### Problem description
For the data that follows, print the line with "Oece复古条纹针织衫背心秋季新款女装设计感内搭小衫毛衣春秋商品大图", the line with "Sndys X Molly", and all lines between them, exactly as they stand. Omit pictures and add nothing.
Source material START
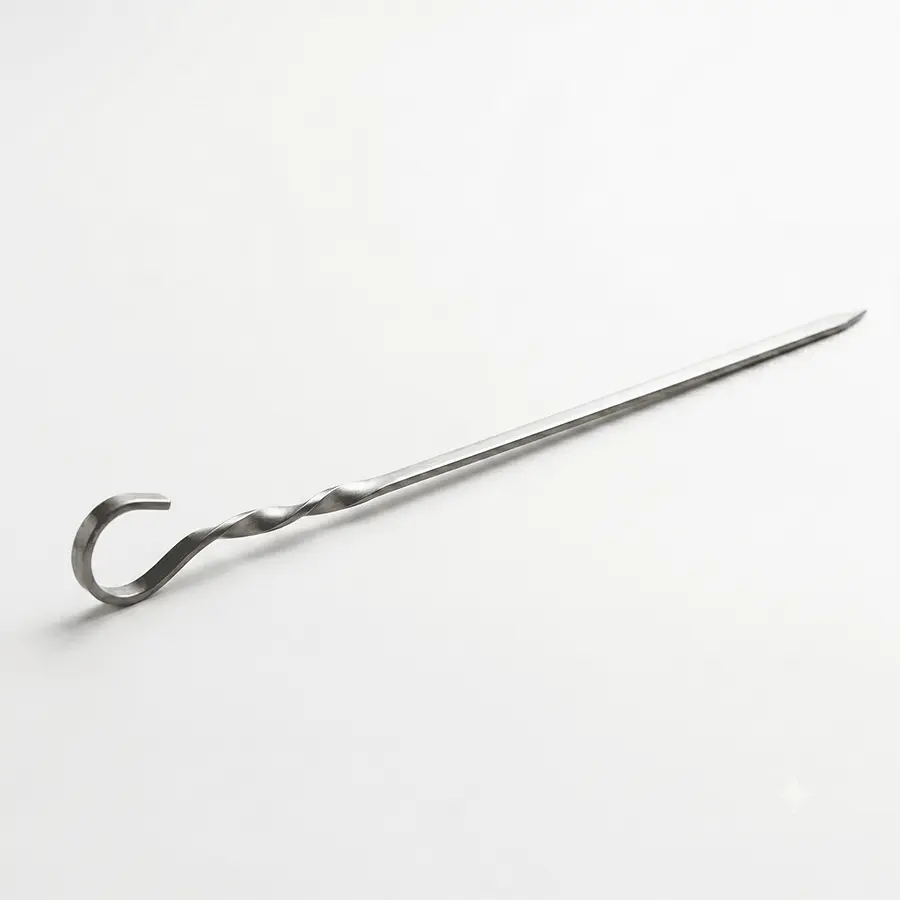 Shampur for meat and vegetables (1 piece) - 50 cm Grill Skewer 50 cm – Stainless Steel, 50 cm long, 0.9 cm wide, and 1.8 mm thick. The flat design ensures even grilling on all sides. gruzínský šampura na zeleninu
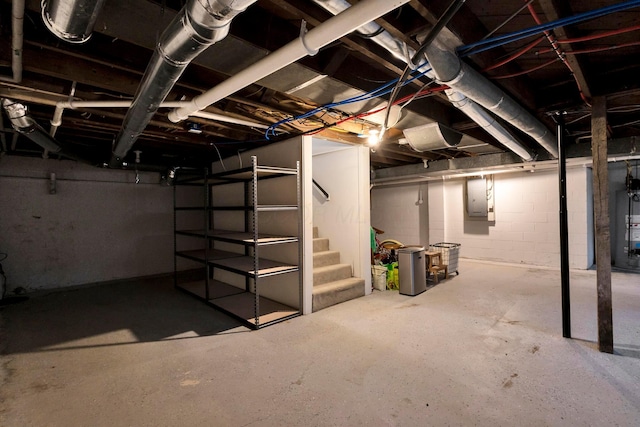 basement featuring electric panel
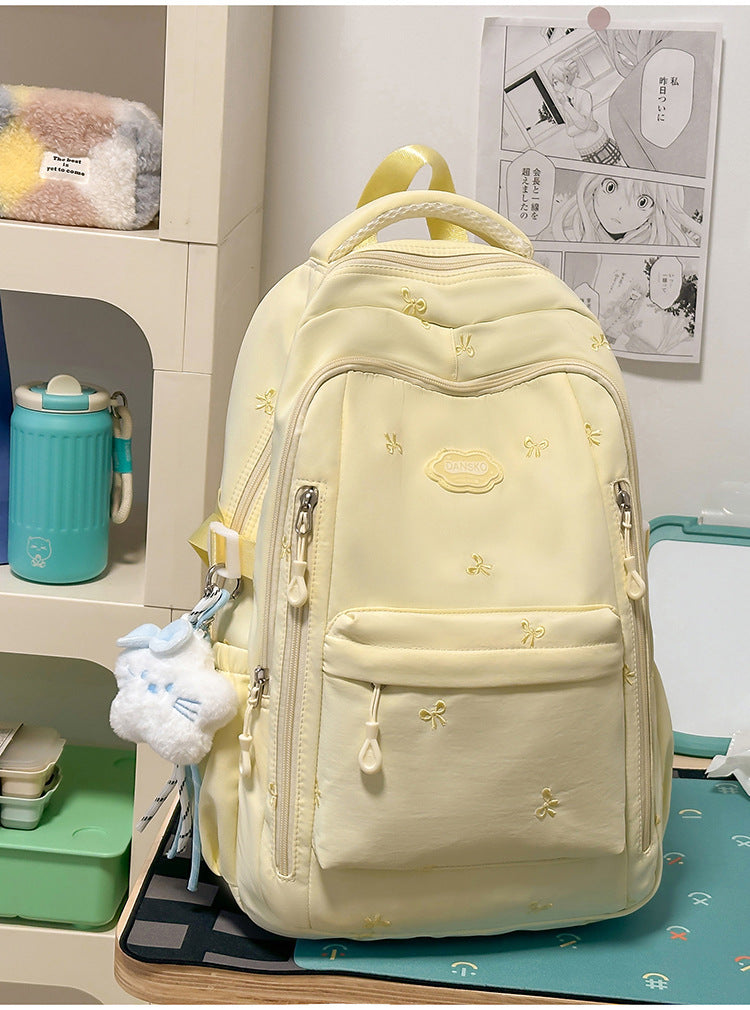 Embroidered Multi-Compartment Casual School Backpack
Source material END
Source material START
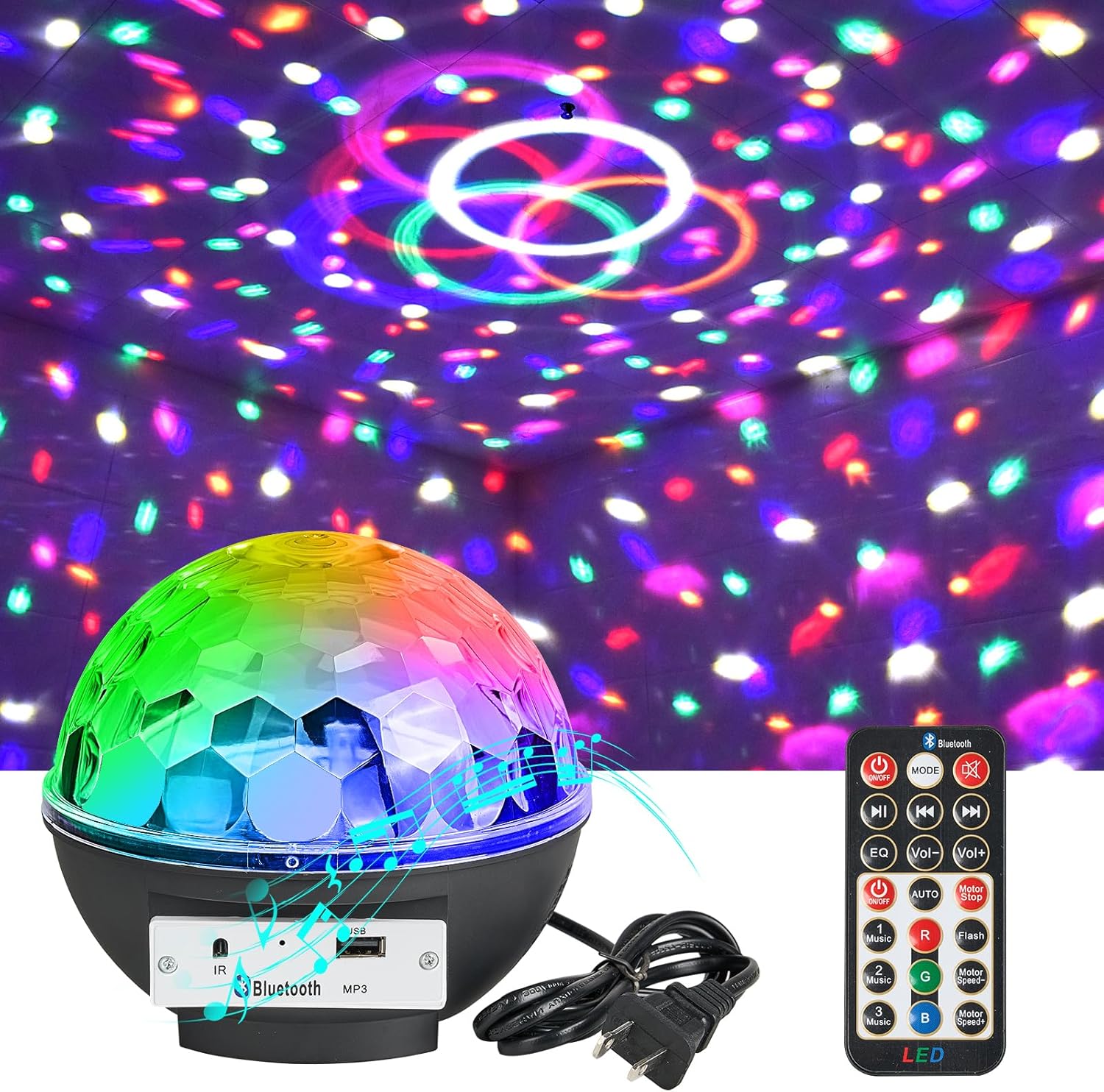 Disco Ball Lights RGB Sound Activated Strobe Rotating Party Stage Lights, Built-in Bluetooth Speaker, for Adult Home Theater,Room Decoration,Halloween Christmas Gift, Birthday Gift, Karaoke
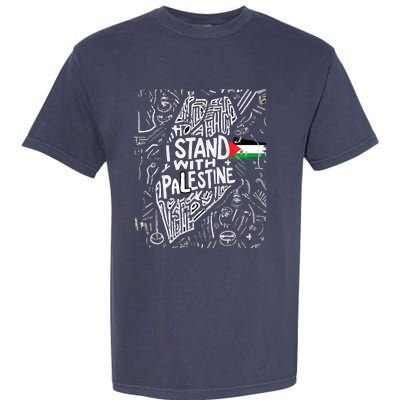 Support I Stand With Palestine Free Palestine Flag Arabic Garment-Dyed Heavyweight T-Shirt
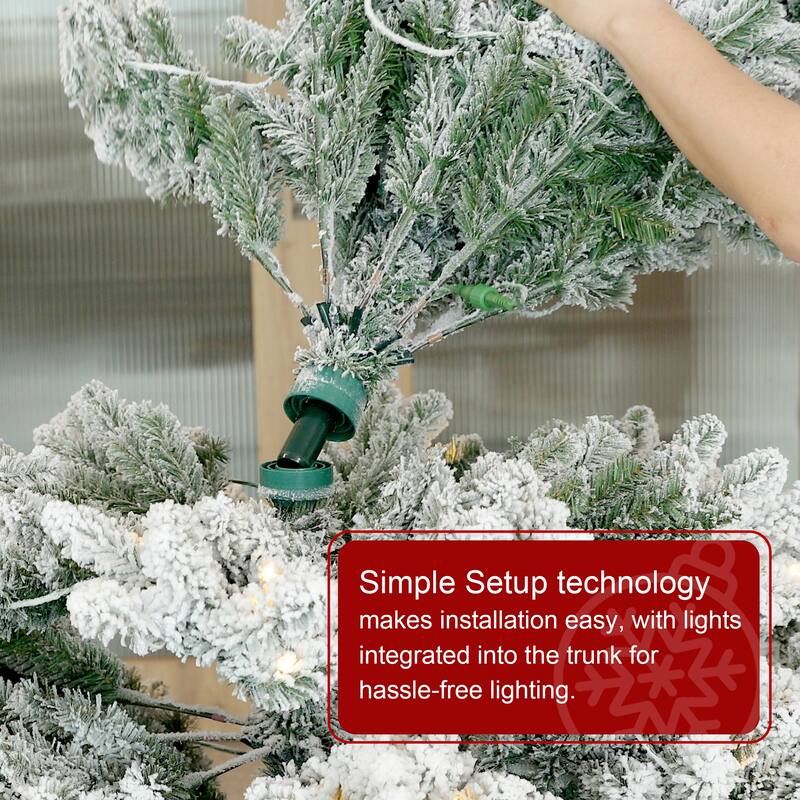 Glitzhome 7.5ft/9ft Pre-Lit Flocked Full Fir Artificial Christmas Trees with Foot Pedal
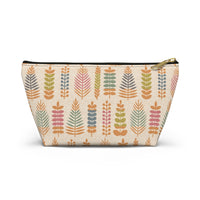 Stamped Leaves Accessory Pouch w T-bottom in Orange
Source material END
Source material START
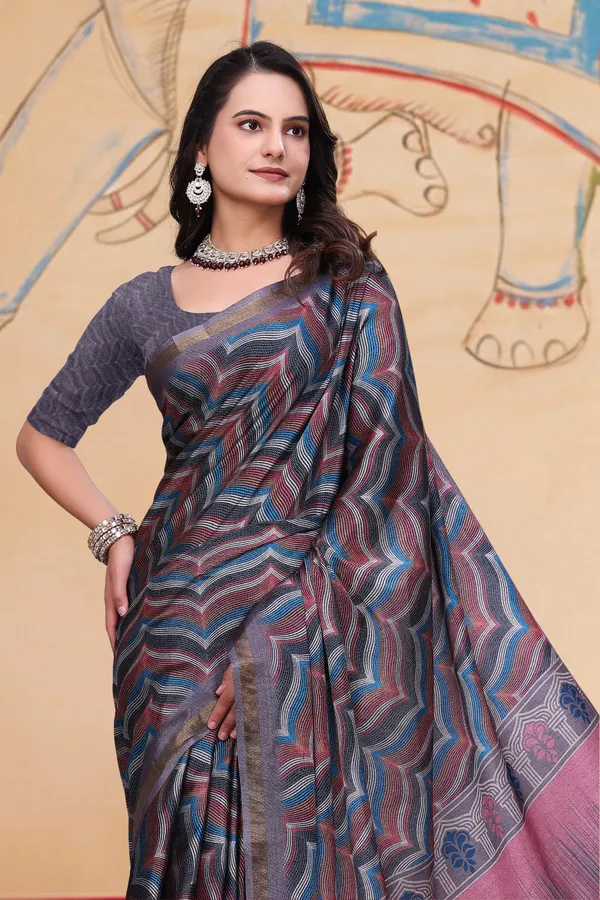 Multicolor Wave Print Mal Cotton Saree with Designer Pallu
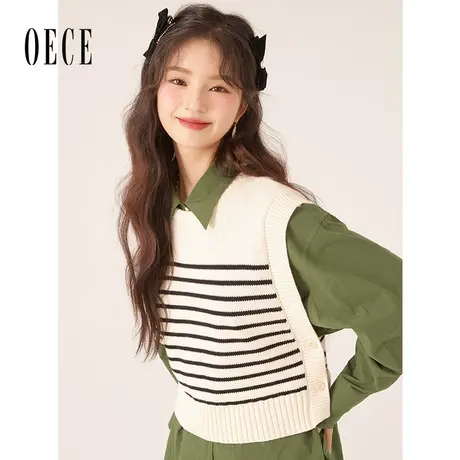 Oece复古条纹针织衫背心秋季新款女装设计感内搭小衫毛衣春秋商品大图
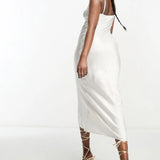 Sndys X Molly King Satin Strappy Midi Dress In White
Source material END
### Answer box
 Oece复古条纹针织衫背心秋季新款女装设计感内搭小衫毛衣春秋商品大图
 Sndys X Molly King Satin Strappy Midi Dress In White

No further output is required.